Muskarinrezeptoren als Medikamentenziele

Im Einklang mit einem besseren Verständnis der neuromodulatorischen Rolle von Muskarinrezeptoren ist ein größerer Fokus auf die Möglichkeit gelegt worden, dass diese Rezeptorfamilie wirksame therapeutische Ziele bei einer Reihe von neurologischen und psychiatrischen Erkrankungen sein kann . In der Vergangenheit konzentrierte sich dieser Fokus auf die Alzheimer-Krankheit, die mit einem Verlust der cholinergen Innervation in der Großhirnrinde und im Hippocampus einhergeht, und wird derzeit durch Verbesserung der cholinergen Übertragung über pharmakologische Hemmung der Cholinesterase-Aktivität behandelt., Während seit vielen Jahren angenommen wurde , dass diese Behandlung ihre positiven Auswirkungen durch Stimulation des M1-muskarinischen Rezeptor-Subtyps hat, hat die Arbeit an den M1-Rezeptor-Knockout-Mäusen vorgeschlagen, dass dieser Rezeptor-Subtyp möglicherweise keine so wichtige Rolle in der Kognition spielt wie bisher angenommen . Daher werden neuartige Anti-Alzheimer-Medikamente, die auf andere Muskarinrezeptor-Subtypen abzielen, wie die M2 -, M4-und M5-Muskarinrezeptoren, jetzt intensiver untersucht., Interessanterweise hat die Muskarinrezeptormodulation der dopaminergen Übertragung den Anstoß für die Entwicklung muskarinischer Rezeptorliganden bei der Behandlung von Schizophrenie und Parkinson gegeben . In beiden Fällen lag der Fokus auf den M1-und M4-Muskarinrezeptoren, wobei angegeben wurde, dass Agonisten für diese Rezeptoren bei Schizophrenie von Vorteil sein könnten und Antagonisten bei der Parkinson-Krankheit wahrscheinlich von Vorteil sind.,
Neben dem therapeutischen Potenzial, spezifische Muskarinrezeptoren bei ZNS-Erkrankungen anzusprechen, besteht noch ein erhebliches therapeutisches Potenzial bei der Entwicklung muskarinischer Liganden zu den klassischeren muskarinisch-zentrierten Krankheitszielen.

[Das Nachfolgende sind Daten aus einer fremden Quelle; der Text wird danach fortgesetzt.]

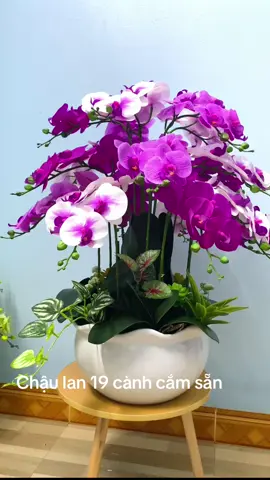 Hoa lan cắm sẵn các bác chỉ việc chưng tết thôi ạ #trangtrinhacua #hoalancaosu #haunguyenstore1 #trangtritet #hoalanhodiep #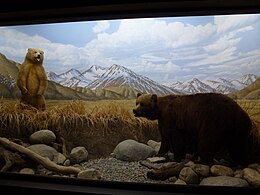 Diorama des ours.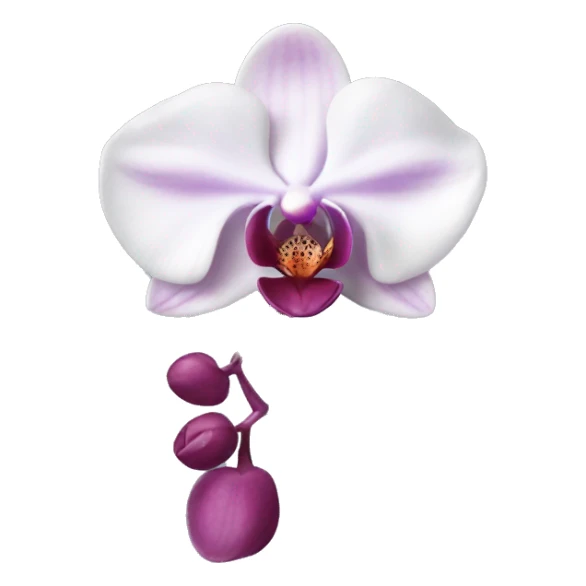 Phalaenopsis Orchid flower sticker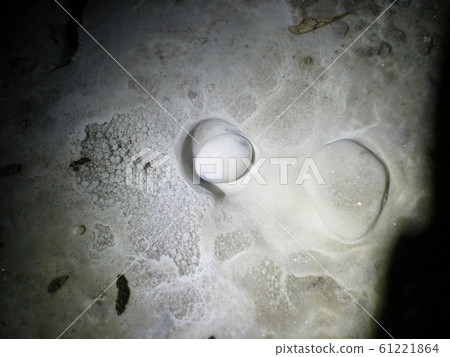 Stalactite egg type Stalactite egg type 61221864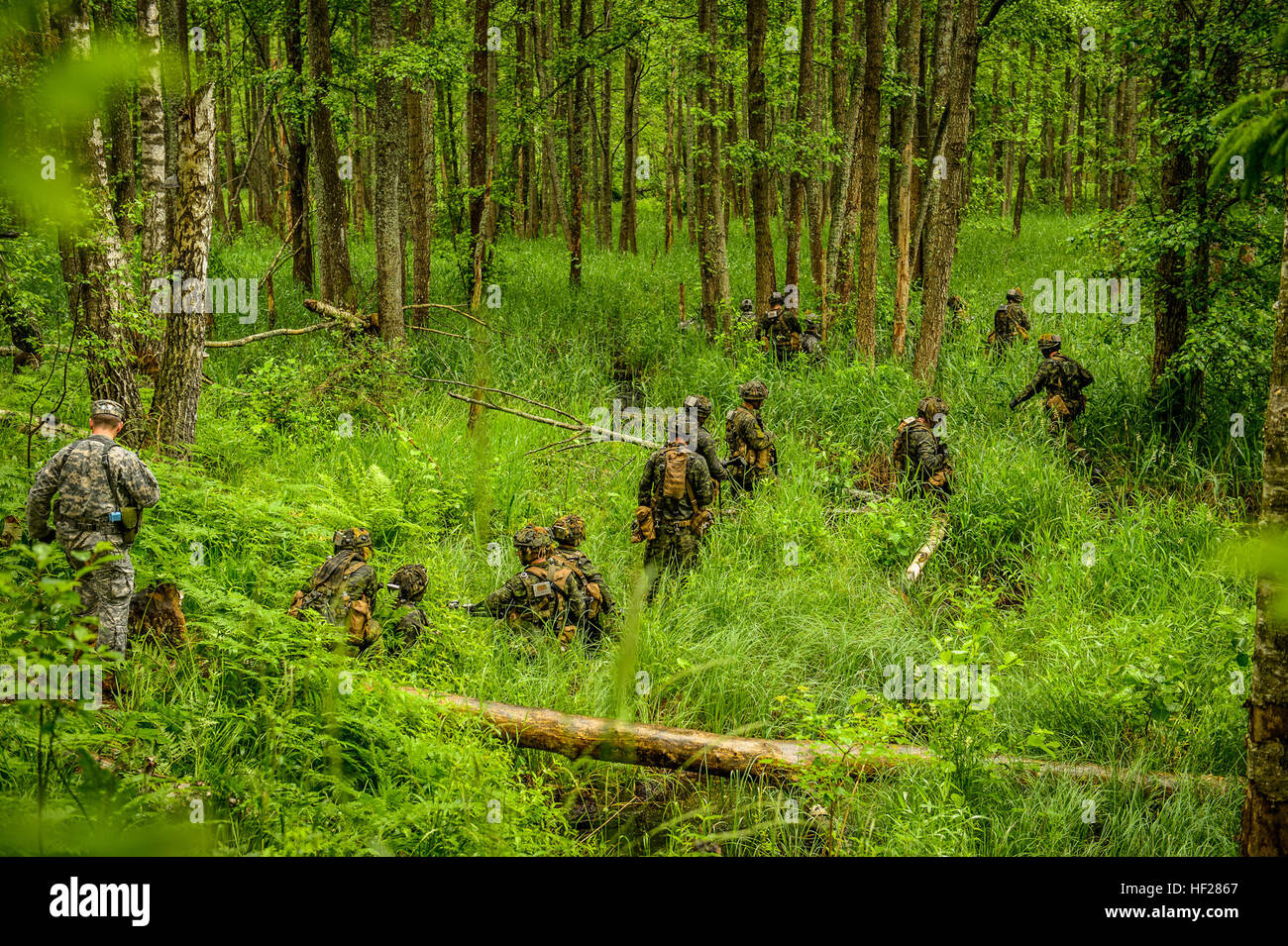 Des soldats canadiens et américains manuever à travers les bois d'un point de l'objectif au cours de la partie formation de l'exercice de la grève de Sabre le 16 juin 2014. Grève 2014 Sabre est une entente conjointe de plusieurs exercice militaire nationale prévue pour le 9 juin- 20. L'exercice s'étend sur plusieurs endroits de la Lituanie, la Lettonie et l'Estonie, et concerne environ 4 500 militaires de 10 pays. L'exercice est conçu pour promouvoir la stabilité régionale, de renforcer les partenariats internationaux, militaires d'améliorer l'interopérabilité et de préparer les participants à des opérations de contingence dans le monde. (U.S. Nat de l'armée Banque D'Images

Bei chronisch obstruktiver Lungenerkrankung (COPD) und Asthma, die derzeit mit den nichtselektiven muskarinischen Antagonisten Ipratropium und Tiotropium behandelt werden , könnte beispielsweise ein signifikanter klinischer Nutzen aus der Entwicklung selektiver M2-und M3-Muskarinrezeptorliganden resultieren., In ähnlicher Weise würde in der überaktiven Blase eine verbesserte Selektivität der Muskarinrezeptorliganden dazu beitragen, unerwünschte Nebenwirkungen zu reduzieren . Tabelle 2 (angepasst von ref) enthält eine Liste der potenziellen therapeutischen Anwendungen von Verbindungen, die spezifisch auf Muskarinrezeptor-Subtypen abzielen.